Friday, July 24, 2009

Decisions... Choices..


Decisions are needed to be made and usually there are choices that go with it.

Lately I've been putting a lot of people down including myself.

I said no to an invitation to go to a friend's house..

I made the one person always there for me feel worthless cause I tried to hold back and not show how I really feel..

I'm at the point of giving up one of my best friends..

I feel like I am not giving my best in everything I do.. I haven't submitted my inventory report and lesson plan.. I'm missing the 2 CDs given by our Tissue Culture consultant.. I have piles of unchecked submitted homeworks and seatworks.. I have 4 recommendation forms that are unaccomplished.. I have not filled up the PEF folders of 13 GSP students in my 2 classes.. And I dunno what other things I need to accomplish.. *sigh*

Going back to my title.. decisions.. choices..

I'm thinking of going back home.. to the place where I am respected and loved.. I'm on the fast forward phase of losing my self esteem to where I'm currently staying.

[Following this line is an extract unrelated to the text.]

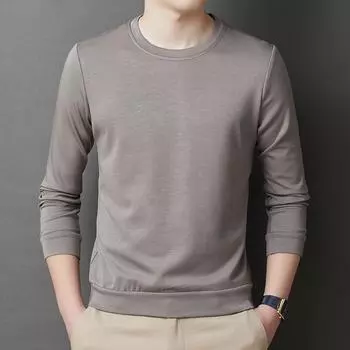 Весенне-осенняя футболка с длинными рукавами, мужская футболка с круглым вырезом, простая однотонная футболка, нижняя рубашка, хлопковая толстовка, повседневная рубашка, верхняя одежда M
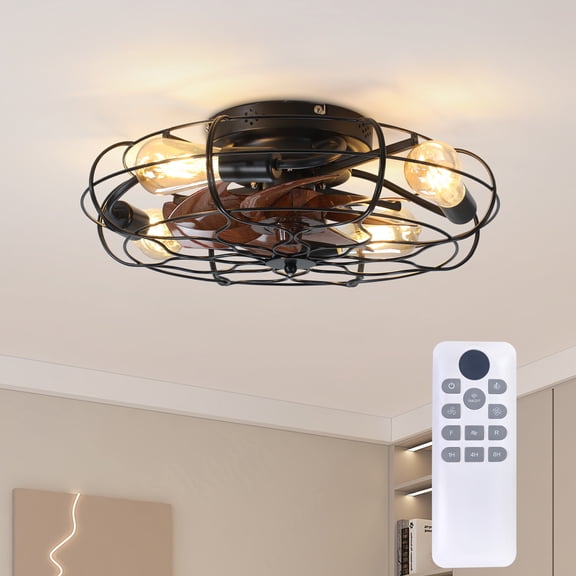 19.7" Industrial Caged Ceiling Fan With Light, 6-Speed Reversible Dc Motor, E26 Bulb Base, Remote Control, Timer, Low Noise <30Db, Farmhouse/Industrial Decor For Bedroom/Living Room Kitchen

I know I have a lot of things to consider, people to keep in mind. I'm aware too of the pros and cons once I make my decision. At the moment, I'm still really undecided. I'm still looking and hoping for the brighter side of things, but I know I need to decide soon.. make my choice.. maybe another week.. Then I'll asses the situation and make my decision.

So for now.. I'll think.. wait.. hope.




Monday, July 13, 2009

I was sent home


I was already happy when I got pass through the temperature checkpoint in school. I don't have fever and they didn't ask if I have cough or colds. So when the person who checked nodded for me to go in, I smiled at her.

But when I went to the Personnel's office to have my off-campus signed, the lady who is to sign my form asked me something. She got surprised with my voice and asked me to go to the clinic. And the rest was history.. hahaha!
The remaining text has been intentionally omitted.